Commit 713264f6b8bc5f927dd52cf8ffcccfa397034fec (March 6 2023) has potentially broken BOOTP/DHCP functionality for nfsroot diskless start-up. This commit adds a check to the end of netinet/in_pcb.c:in_pcbladdr that checks for a source address equivalent to INADDR_ANY. Unfortunately as part of the diskless BOOTP/DHCP process (nfs/bootp_subr.c et al), the interface's address is (effectively) set to INADDR_ANY, causing this check to fail, and therefore the DHCP search and the rest of the diskless nfs root process to fail as well. Tested/discovered and analyzed on ARM64/RPI4, 14.0-RELEASE. Not yet verified for other platforms.
*** Bug 278044 has been marked as a duplicate of this bug. ***
Indeed, bootpc_call() does this strange thing to ensure that the src addr of DHCP requests has address 0.0.0.0: 638 /* Set netmask to 0.0.0.0 */ 639 clear_sinaddr(sin); 640 error = ifioctl(bootp_so, SIOCAIFADDR, (caddr_t)ifra, 641 td); 642 if (error != 0) 643 panic("%s: SIOCAIFADDR, error=%d", __func__, 644 error); 645 646 error = sosend(bootp_so, (struct sockaddr *) &dst, 647 &auio, NULL, NULL, 0, td); 648 if (error != 0) 649 printf("%s: sosend: %d state %08x\n", __func__, 650 error, (int )bootp_so->so_state); 651 652 /* Set netmask to 255.0.0.0 */ 653 sin->sin_addr.s_addr = htonl(0xff000000); 654 error = ifioctl(bootp_so, SIOCAIFADDR, (caddr_t)ifra, 655 td); 656 if (error != 0) 657 panic("%s: SIOCAIFADDR, error=%d", __func__, 658 error); The sosend() causes udp_send() to connect the socket, resulting in an error because the local address is 0.0.0.0. We don't permit that since INADDR_ANY is used as a sentinel value in the inpcb layer. dhclient doesn't have this problem since it uses BPF to write packets.
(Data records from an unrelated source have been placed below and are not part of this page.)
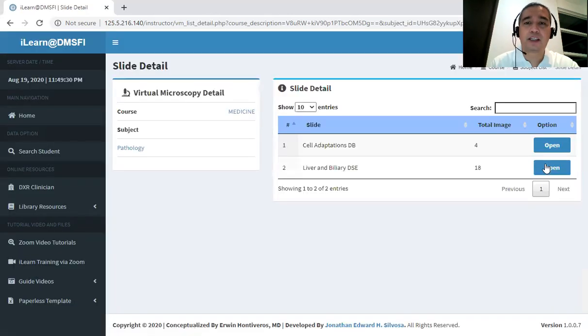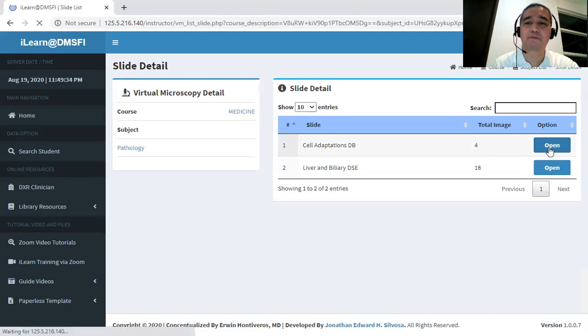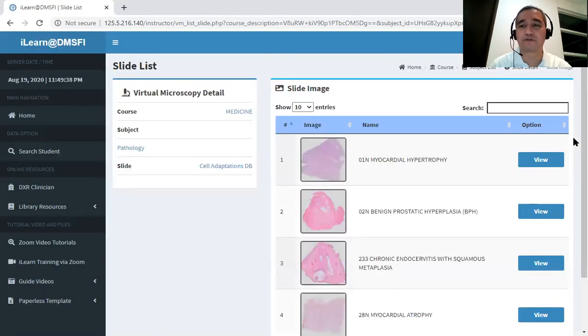And then we have the Cellular Adaptation here. So open it up, and we have four slides for viewing.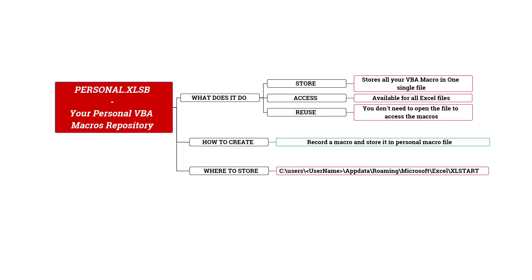If you create and use a lot of Excel VBA macros, often times you might be saving those into different Excel files and you store them as xlsm files, which are macro-enabled Excel files.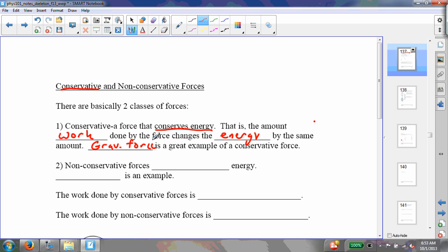Electric forces are also conservative. The reason is that whenever you have objects that come into contact with one another, they lose energy due to dissipative forces such as friction. So non-conservative forces do not conserve energy, and friction is a good example of a non-conservative force.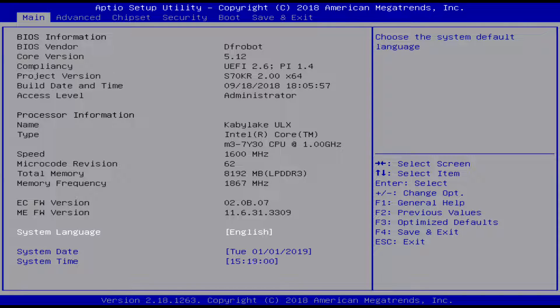To get to the BIOS on your Lattepanda Alpha, you have to just hit the delete key. Just spam it right after you turn it on and then it should go to this. If it doesn't, it might skip over to it.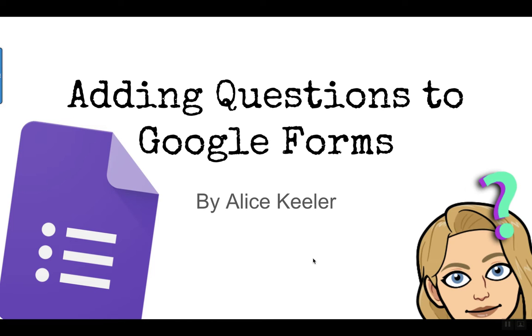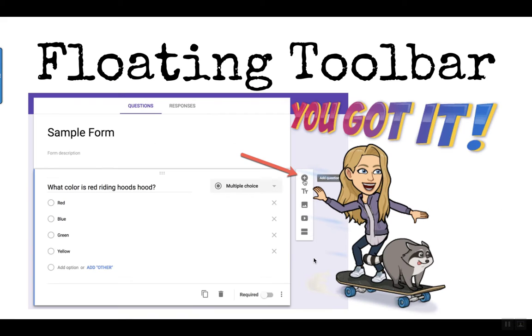You think you know how to add questions to Google Forms, but do you? When you make a Google Form, you look for the floating toolbar. When you want to add a question, you find the plus icon in the floating toolbar, and it will add a question.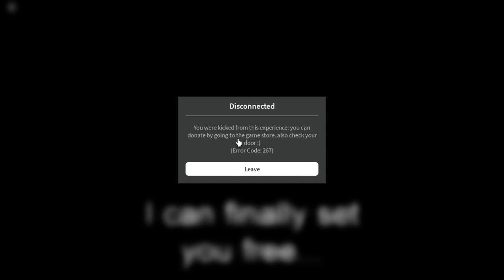Disconnected, you were kicked from this experience. You can donate by going to the game store. Also check your door. There's no one at the door. Anyways, that's going to be my first run. I might go through multiple things and answer with different ways. Thank you.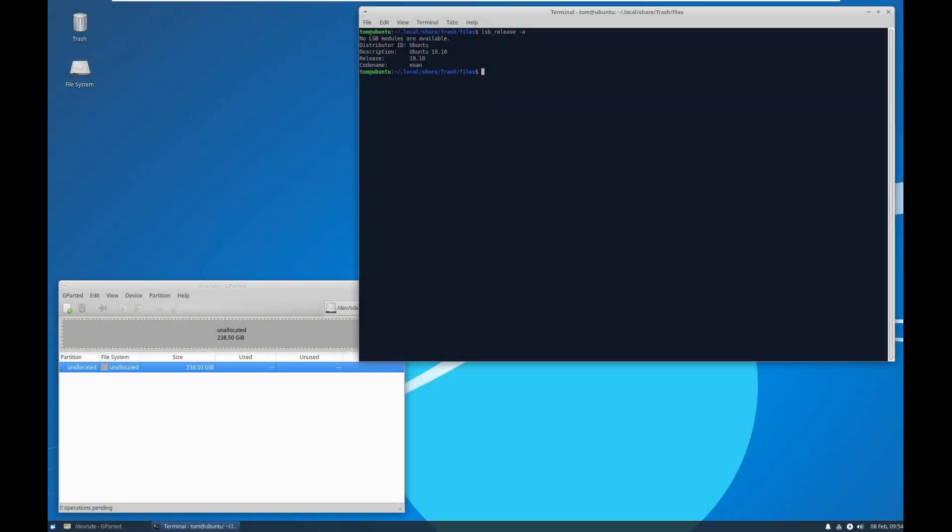In this video I will show you how to install PostmarketOS on a micro SD card for the Pine phone on Ubuntu 19.10.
Any opinions on how best to fix this?
(In reply to Mark Johnston from comment #2) After dwelling on this for a bit, I'm starting to conclude that adding a tunable for these source checks. For bootp/nfs root systems that can then be turned off from the loader.
I haven't yet look deep into the problem, but my first thought about it was the following. Why do we create a UDP socket from the kernel, while a userland dhclient would use a raw socket? In kernel we are closer to the network stack but we use a higher level primitive than dhclient.
(In reply to Gleb Smirnoff from comment #4) I was wondering the same thing. I will try to reimplement the data path using a raw socket this afternoon.
The basic reason is that we cannot easily use raw sockets to receive UDP packets - they belong to udp_input(). dhclient actually uses the BPF interface to send/recv UDP packets for DHCP, but I think that's a bit too inconvenient in the kernel. We can perhaps use a separate UDP socket for receiving packets, but that's a bit inconvenient. Or, we can perhaps temporarily override the ipproto registration when bootp is running. (In reply to Richard Wai from comment #3) We could do that, but I'd prefer not to if there's some other option. We use INADDR_ANY as a sentinel value in various places in the pcb layer, so life is better if we can always say that it's an invalid value.